Another thing your comment reminds me of is that even when you THINK everything is up to date and above board with repayments there is some resentment simmering below the surface from some misunderstanding that no one has bothered to address, so you’re not even aware of it until it comes out in a blazing row! Money just seems to do that to people.
Nothing says Happy Holidays like “about that last check…”
I’m the generous one and if I can afford it, it’s yours – I don’t look to be paid back. If I can’t afford it (and that includes retirement funds &tc.) too bad. It’s not worth losing peace of mind over money or ‘things.’
I’d say a big amen to that Mel.
Likewise I won’t lend or borrow to friends. The only time I lend is to a daughter and a learning mechanism. We draw up an agreement and a schedule. It works well. I’ve seen a friend with a gambling problem borrow money from another friend and it ended badly. Almost violently. It’s not worth it if you want to keep friends.
You’re so right some loans have gone as far as violence. It’s just not worth it. Say ‘nope!’ and it’s done. Over.
Or loan to people who you can trust will respect your relationship enough to want to keep it. Thanks Gazza! 😀
This is so true. I’ve lost a friend through the very same way. Loaned them cash they promised to pay back within a specified time. They never did, kept coming up with excuses.
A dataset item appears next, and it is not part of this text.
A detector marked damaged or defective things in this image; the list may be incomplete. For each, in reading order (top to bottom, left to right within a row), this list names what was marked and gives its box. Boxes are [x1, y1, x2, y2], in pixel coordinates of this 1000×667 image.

Went on like this until we stopped communicating altogether.
Which they will be happy about because they didn’t have to pay you back. I’m guessing that they managed to pay all their other bills though and are not homeless in the street.
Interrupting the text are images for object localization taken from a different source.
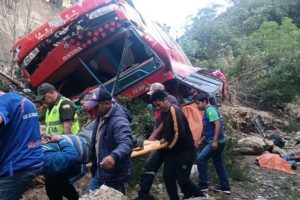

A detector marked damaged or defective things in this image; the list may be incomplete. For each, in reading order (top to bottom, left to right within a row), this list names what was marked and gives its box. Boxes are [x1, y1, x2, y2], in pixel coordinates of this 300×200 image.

crashed bus [13, 0, 225, 104]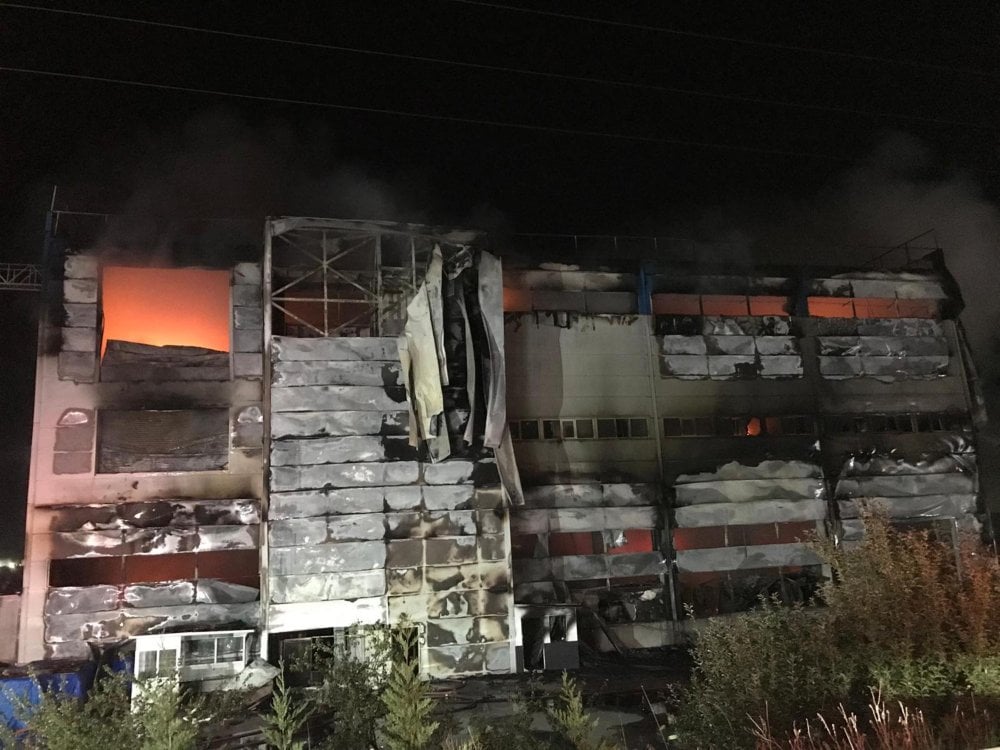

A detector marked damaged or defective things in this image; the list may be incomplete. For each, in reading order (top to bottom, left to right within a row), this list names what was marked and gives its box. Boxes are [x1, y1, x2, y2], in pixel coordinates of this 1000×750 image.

burnt metal sheet [274, 362, 402, 388]
burnt metal sheet [270, 384, 406, 414]
broken window [97, 408, 229, 472]
burnt metal sheet [272, 412, 408, 440]
burnt factory facade [13, 214, 984, 680]
burned building [15, 214, 984, 680]
burnt metal sheet [268, 462, 420, 490]
burnt metal sheet [672, 500, 828, 528]
burnt metal sheet [840, 496, 972, 520]
burnt metal sheet [270, 544, 386, 580]
burnt metal sheet [672, 544, 820, 572]
burnt metal sheet [45, 588, 118, 616]
burnt metal sheet [123, 580, 195, 612]
burnt metal sheet [270, 572, 386, 608]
My mum told us over and over, ‘neither a borrower nor lender be’. Out of four kids my parents produced two savers and two spenders. She was never as good at following that advice when it came to her denying her own kids a loan.
My younger brother in particular was (perhaps still is) a borrower. It created friction between us (can I borrow…, will you lend me…, when will you pay me back…, how come you’ve got money to spend on that but needed me to lend you…). When I finally stopped lending him money, he stopped asking, and our relationship improved.
I don’t lend money. It’s not worth the stress and heartache. I don’t think that makes me selfish – it’s just hard-won wisdom.
Absolutely. It just takes away all that stress and they soon forget that you refused to loan money to them certainly a lot quicker than if you had to keep chasing them for the repayment.
Like you, I don’t loan money. Too easy to ruin a friendship. I have given money on more than once occasion to people who needed it, including to people who haven’t asked for it, with the understanding that it is not a loan. The most was several thousand dollars – but the other person needed it more than we did.
Sometimes the requested money has been repaid. Maybe every time – I haven’t kept track when it is one of my wife’s friends on the receiving end. In those cases I don’t know how much was given either; I have no need to know.
I have borrowed money from family members three times. The offer was made and it was better than going to the bank. Once there was no paperwork. When I repaid it the person didn’t even remember the loan The other times we had a formal loan agreement, interest and a repayment schedule. We both profited – a lower interest rate for me than the bank would have given, and a higher rate of return for them than they were getting in a savings account. Since we had other financial options it wasn’t ever an issue and no chance of hard feelings.
Lol at the people who didn’t even remember, but like you that wouldn’t matter to me I would pay back eery penny for my own sake!